¿Qué son los transposones?
Cuando pensamos en nuestra genética, imaginamos el ADN que codifica nuestros genes. Pero es posible que no nos demos cuenta de que estos genes no están inmóviles: ¡pequeños fragmentos de ADN realmente pueden moverse! Algunos genes, llamados transposones , o «genes saltarines», pueden transferirse a través de estructuras separadas de ADN llamadas cromosomas . De hecho, el nombre ‘transposón’ se parece mucho a su capacidad de ‘transponer’. A veces, estos genes se denominan elementos transponibles (TE) . ¡Imagínese los genes saltando de un cromosoma a otro, como un mono salta de un árbol a otro!

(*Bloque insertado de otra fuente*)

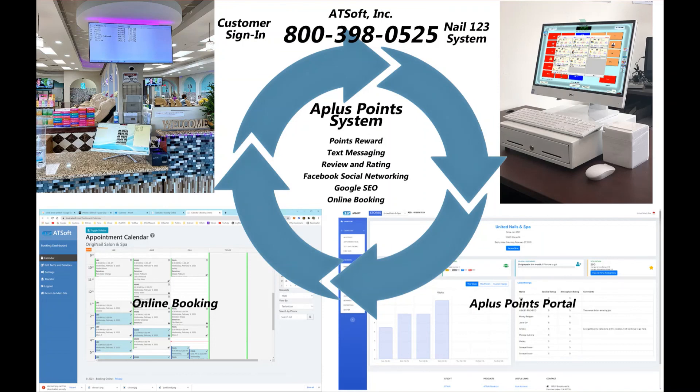In conclusion, A Plus Point system with Net123 will give you the enterprise version of nail salon. Please give us a call at 800-398-0525. Thank you.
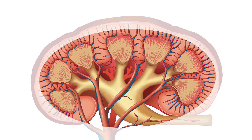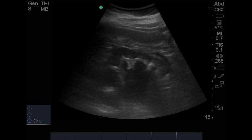Severe hydronephrosis means the collecting system is dilated up to the level of the renal cortex with thinning of the cortex — extending past the level of pyramids with calyxes starting to become confluent. Here you can see severe hydronephrosis where dilation extends past the level of pyramids and the calyxes are becoming confluent. Remember that hydronephrosis is a gradation between mild, moderate, and severe, and there is limited inter-rater reliability — sometimes people will call something mild while others call it moderate, or mild-to-moderate versus moderate-to-severe.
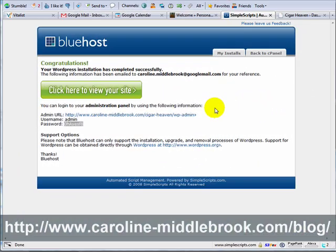Hello, this is Caroline Middlebrook here. This video is part of the video version of the e-book Developing Money-Making Niche Sites with WordPress.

Descubrimiento de transposones
La científica ganadora del Premio Nobel, Barbara McClintock, descubrió por primera vez los transposones en la década de 1940. Mientras estudiaba la genética del maíz, notó cómo granos de maíz separados mostraban diferentes colores en la misma mazorca. Su investigación reveló que cada grano de maíz se veía diferente porque era genéticamente diferente. McClintock entendió que esto solo podría ocurrir si los genes no fueran estacionarios, sino móviles, y fueran capaces de «saltar» de un cromosoma a otro.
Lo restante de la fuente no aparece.